## What is needed
Reproduce word for word every line from the one containing "과탄산소다와 베이킹소다 차이점 모르고 있었다면? 씽크대청소로 딱이야 - 박냥의 포스트잇 과탄산소다와" to the final line of the data below; omit the pictures.

Data extracts below:

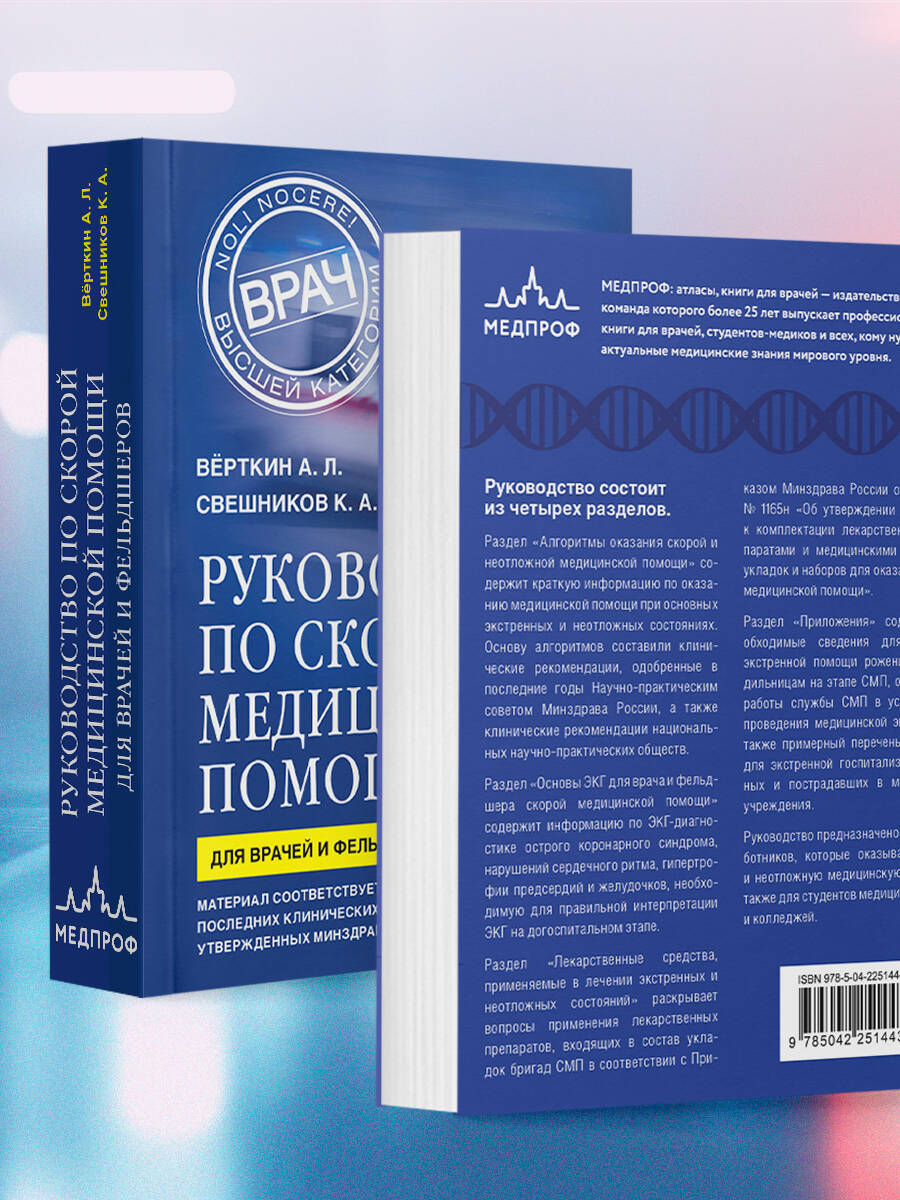 Руководство по скорой медицинской помощи. Для врачей и фельдшеров (3-е издание, дополненное, переработанное) | Emergency Medical Care Guide for Doctors and Paramedics (3rd Edition, Revised and Expanded) - Ozon image 5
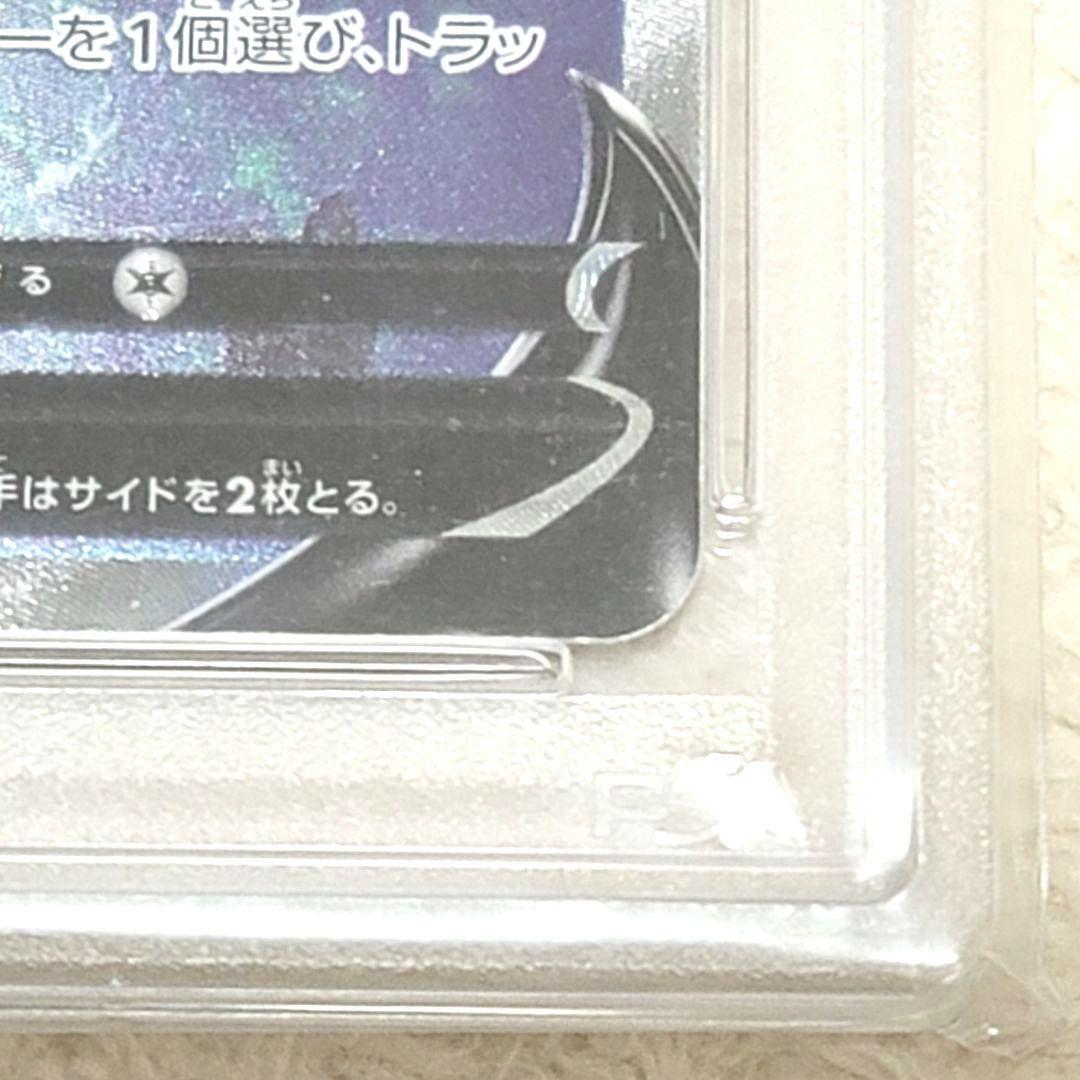 PSA10 プテラv sa sr ロストアビスs11 106/100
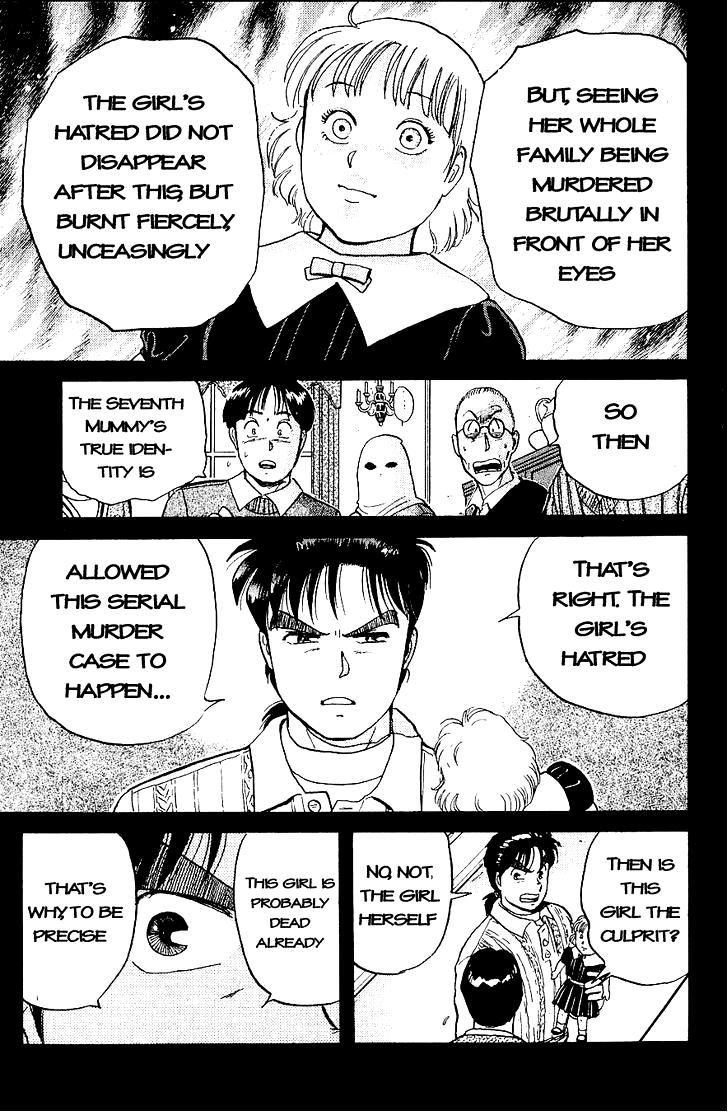 Kindaichi Shounen no Jikenbo chapter 13 page 19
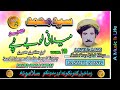 Saeed Muhammad II Pashto Song & Tappay II Maidani II Lobay Tappay II Volume, 110 II Zara Yadona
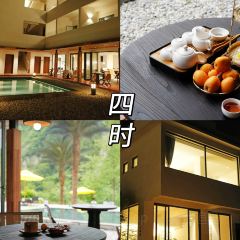 四时温泉私汤度假酒店·四时三餐 User Photo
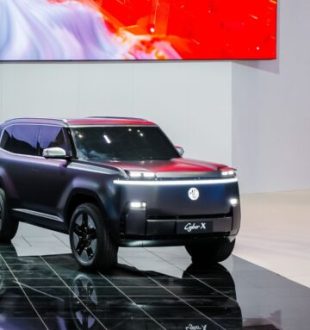 MG a présenté le concept Cyber X au Salon de Shanghai // Source : MG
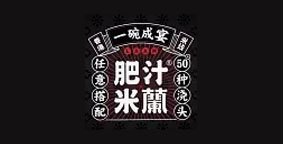 肥汁米兰米线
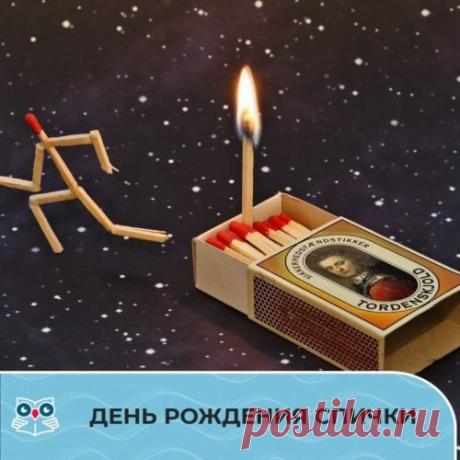 С днем рожденья спички!
Коробок тебе в руки,
И в лес поскорее,
Чтоб не было скуки! С днем рожденья спички!
Коробок тебе в руки,
И в лес поскорее,
Чтоб не было скуки!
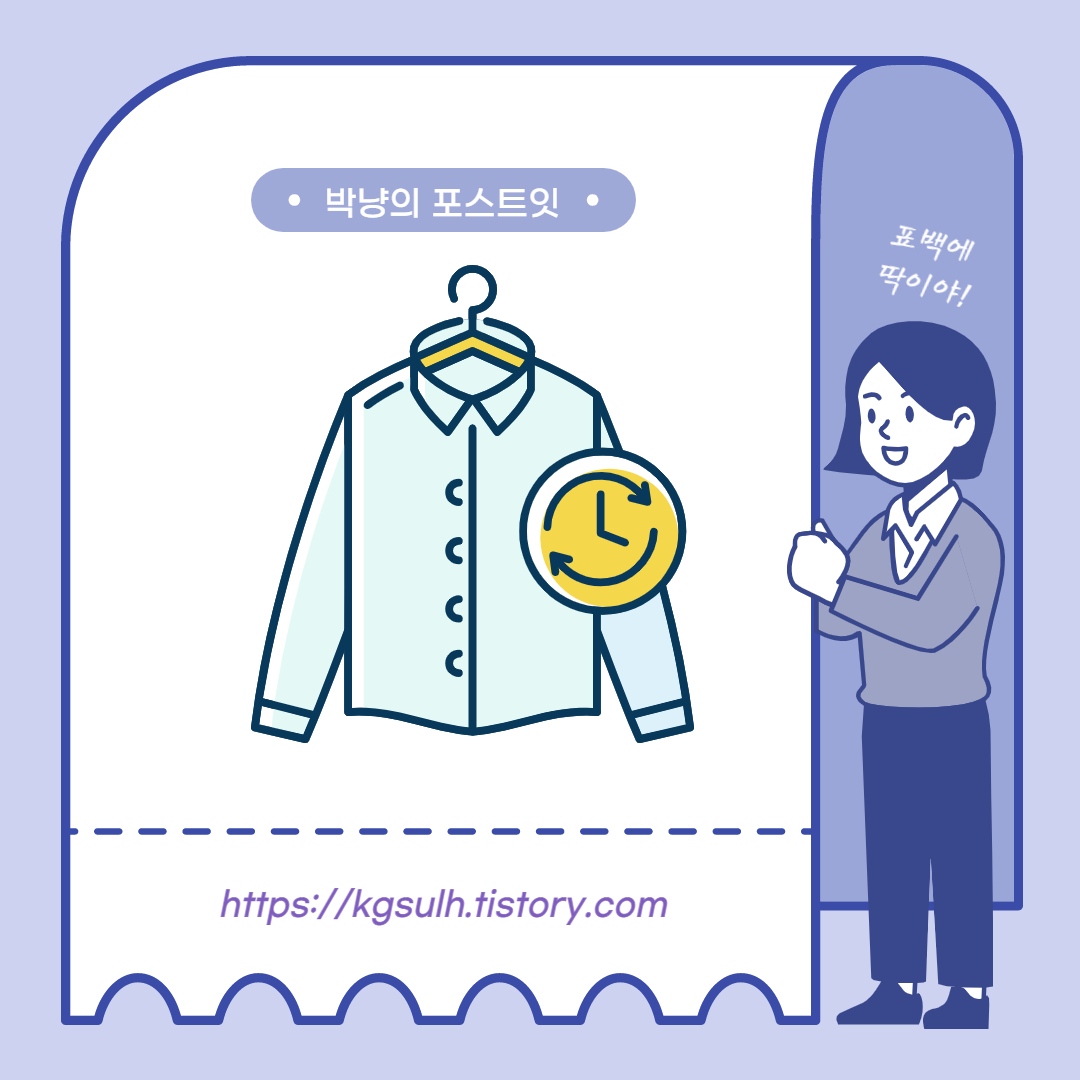 과탄산소다와 베이킹소다 차이점 모르고 있었다면? 씽크대청소로 딱이야 - 박냥의 포스트잇 과탄산소다와 베이킹소다 차이점 모르고 있었다면? 씽크대청소로 딱이야 - 박냥의 포스트잇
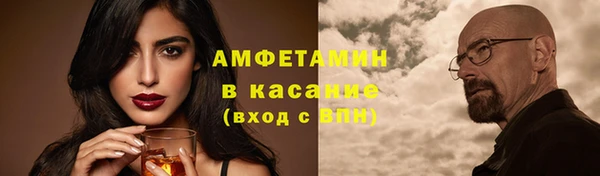 синтетический гашиш Заволжье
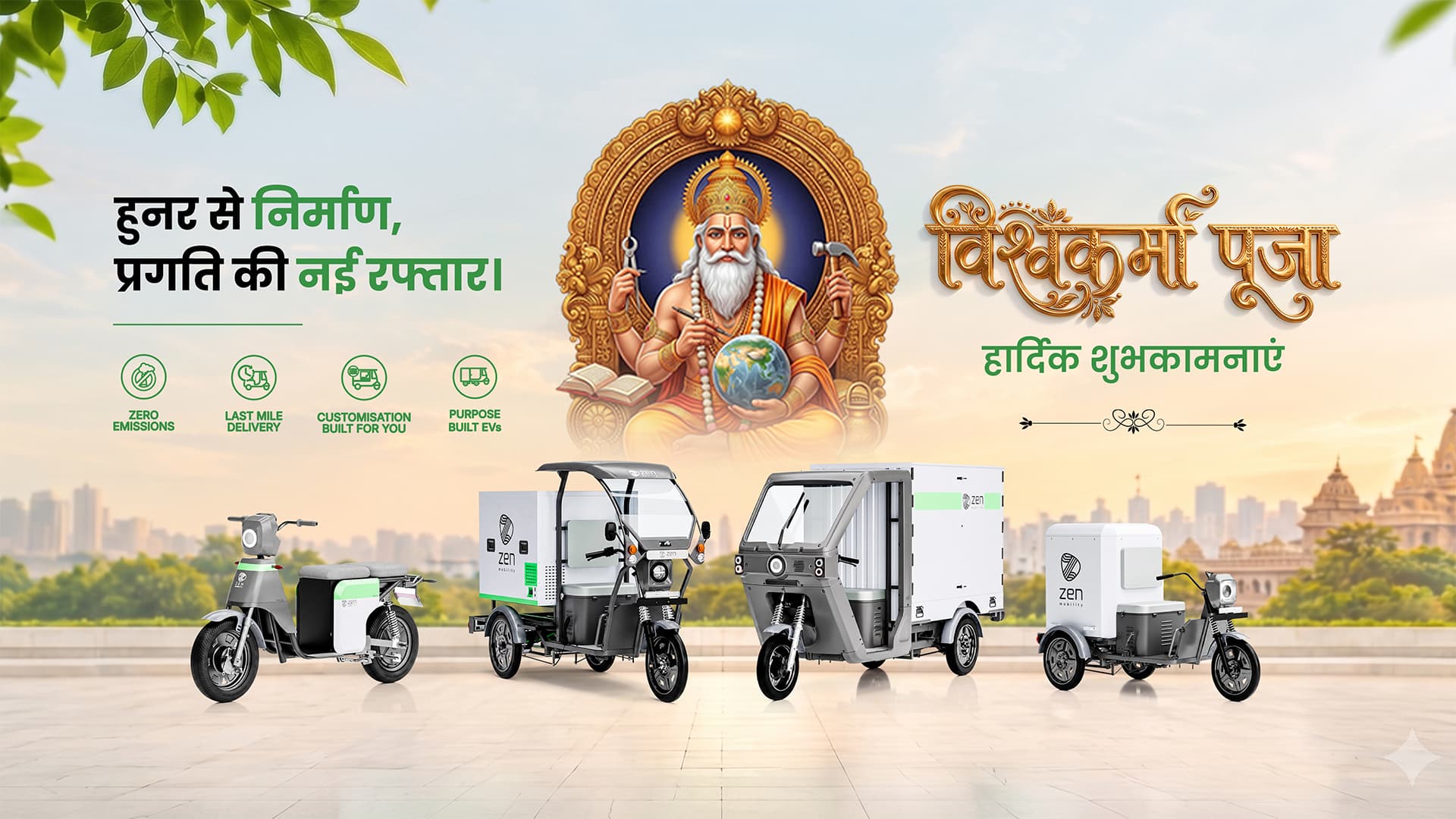 Hunar se nirmaan, pragati ki nayi raftaar — Vishwakarma Puja greetings beside the full Zen Mobility electric cargo range lined up in front of a city skyline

End of Data extracts.

## Answer to this problem
 과탄산소다와 베이킹소다 차이점 모르고 있었다면? 씽크대청소로 딱이야 - 박냥의 포스트잇 과탄산소다와 베이킹소다 차이점 모르고 있었다면? 씽크대청소로 딱이야 - 박냥의 포스트잇
 синтетический гашиш Заволжье
 Hunar se nirmaan, pragati ki nayi raftaar — Vishwakarma Puja greetings beside the full Zen Mobility electric cargo range lined up in front of a city skyline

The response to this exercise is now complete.